Second, defendant contends that his trial counsel was ineffective for failing to object to the prosecution’s questioning of Detective Luann Bearden regarding police searches of two residences associated with defendant which resulted in narcotics being removed from at least one of the location searched . . .

. . . It is unclear how this testimony was prejudicial at all given defendant’s own unchallenged statements to Bearden that on December 29, 2012, defendant used “a lot” of drugs, including the use of crack cocaine. In other words, even if we rejected defense trial counsel’s testimony that this testimony “played into [defendant’s] trial strategy,” this additional fact was not prejudicial because of defendant’s admitted drug use. Consequently, defense trial counsel’s failure to object to the prosecution’s question does not constitute ineffective assistance of counsel. People v Thomas, 260 Mich App 450, 457; 678 NW2d 631 (2004).

Third, defendant contends that his trial counsel improperly “opened the door” to Miller testifying that defendant had previously assaulted her when she was high, prejudicing defendant.
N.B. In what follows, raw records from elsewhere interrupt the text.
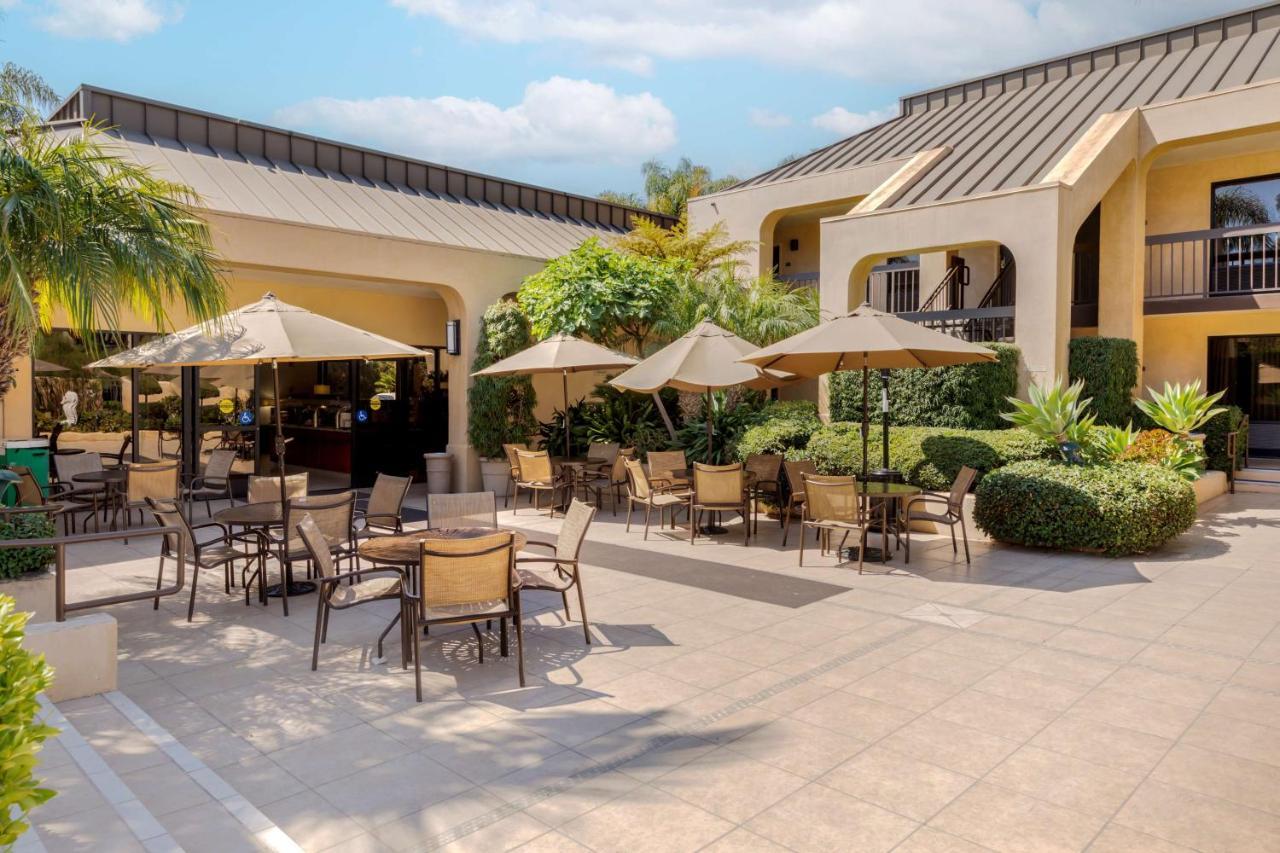 Best Western Plus South Coast Inn Голета Экстерьер фото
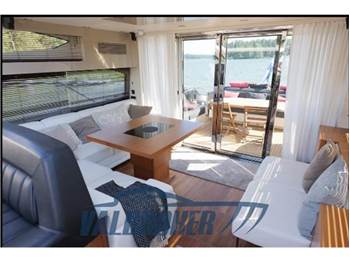 Sunseeker Predator 64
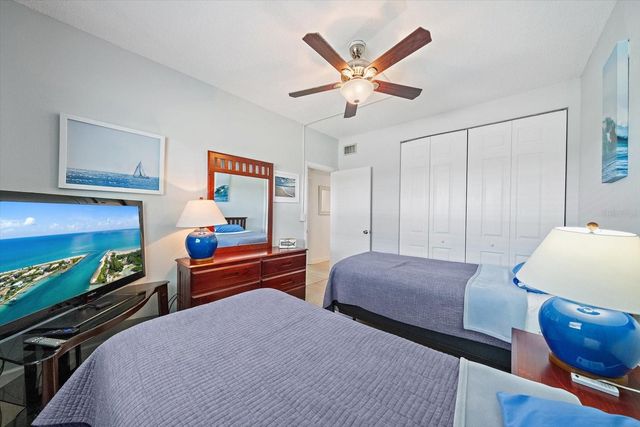 5936 DRIFTWOOD AVENUE 16, Sarasota, FL 34231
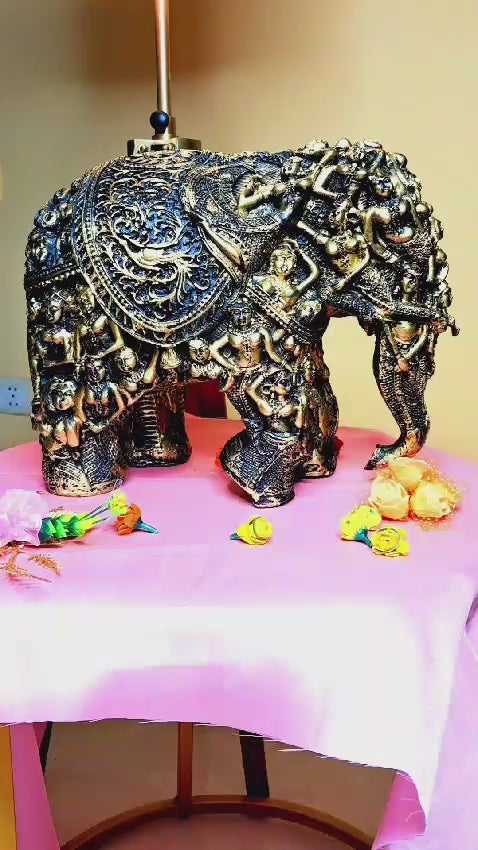 sculpture decor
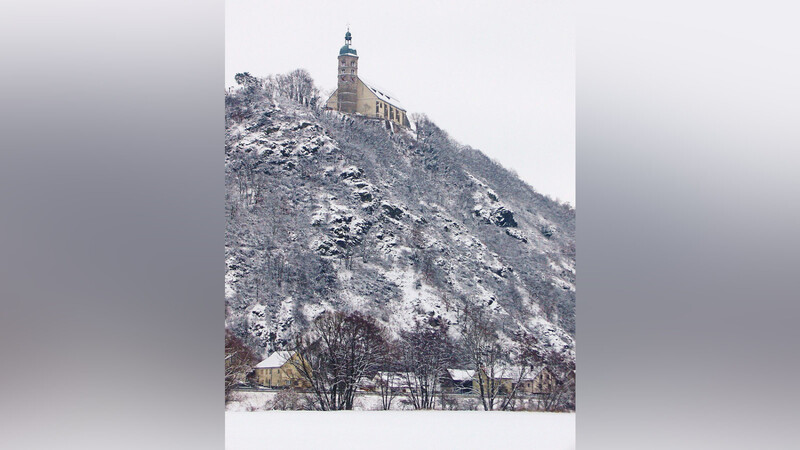 Fast wie eine Schwarz-Weiß-Aufnahme wirkt der Bogenberg auf diesem Bild. Das Foto ist an einem schneereichen Wintertag entstanden - ein Anblick, den es inzwischen nicht mehr so oft gibt wie einst gewohnt.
Once again, we disagree . . .

. . . Defense trial counsel’s questioning of Miller did allow Miller to testify about her fear of defendant because he had previously assaulted her. However, this was a consequence of the overall trial strategy in questioning Miller—which was to point out Miller’s heavy use of drugs and how it affected her perceptions. “A failed strategy does not constitute deficient performance.” People v Petri, 279 Mich App 407, 412; 760 NW2d 882 (2008). Thus, defense trial counsel’s performance did not constitute ineffective assistance.

Fourth, defendant contends that defense trial counsel was ineffective for failing to object to McCarver’s testimony that defendant was his best customer and purchased $500 to $1,000 worth of crack cocaine each time that he purchased drugs from McCarver . . .
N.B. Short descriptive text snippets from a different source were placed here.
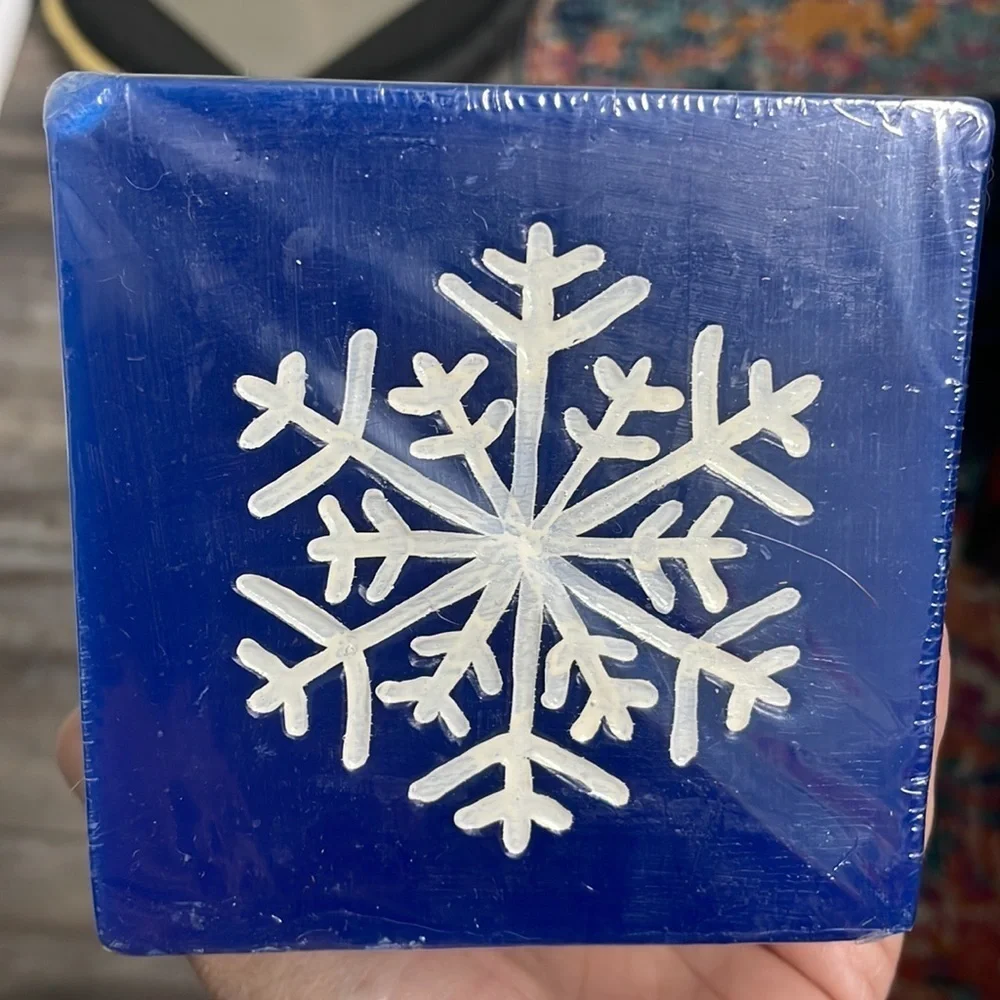 Square snowflake single wick decorative candle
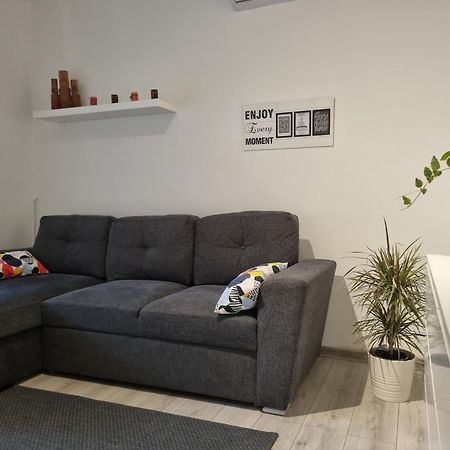 Apartments Dora Crikvenica Extérieur photo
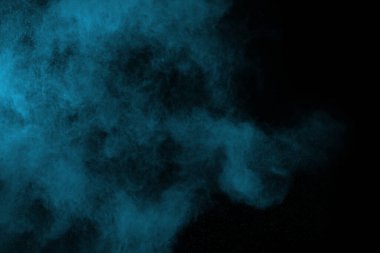 Siyah arka planda mavi barut patlaması. Renkli bulut. Renkli toz patlar. Boya Holi.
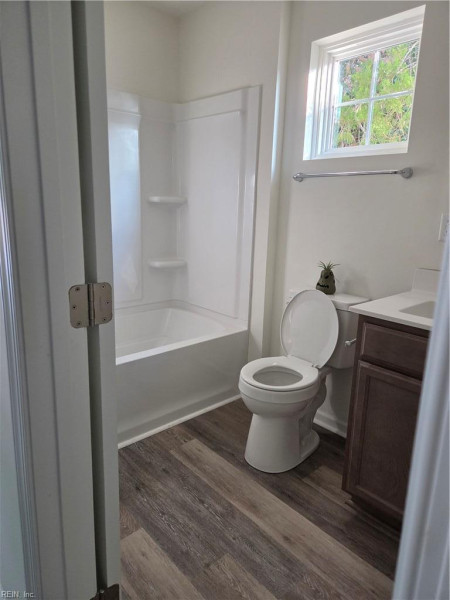 Photo 18 of 19 residential for sale in Portsmouth virginia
. . . Defense trial counsel’s decision not to object was trial strategy, based on the idea that McCarver’s testimony was unbelievable. Because this Court will not subsitute its judgment for counsel’s judgment as it relates to trial strategy, defendant’s argument that his trial counsel was ineffective for eliciting prejudicial testimony that defendant was involved in selling drugs fails. Unger, 278 Mich App at 242-243.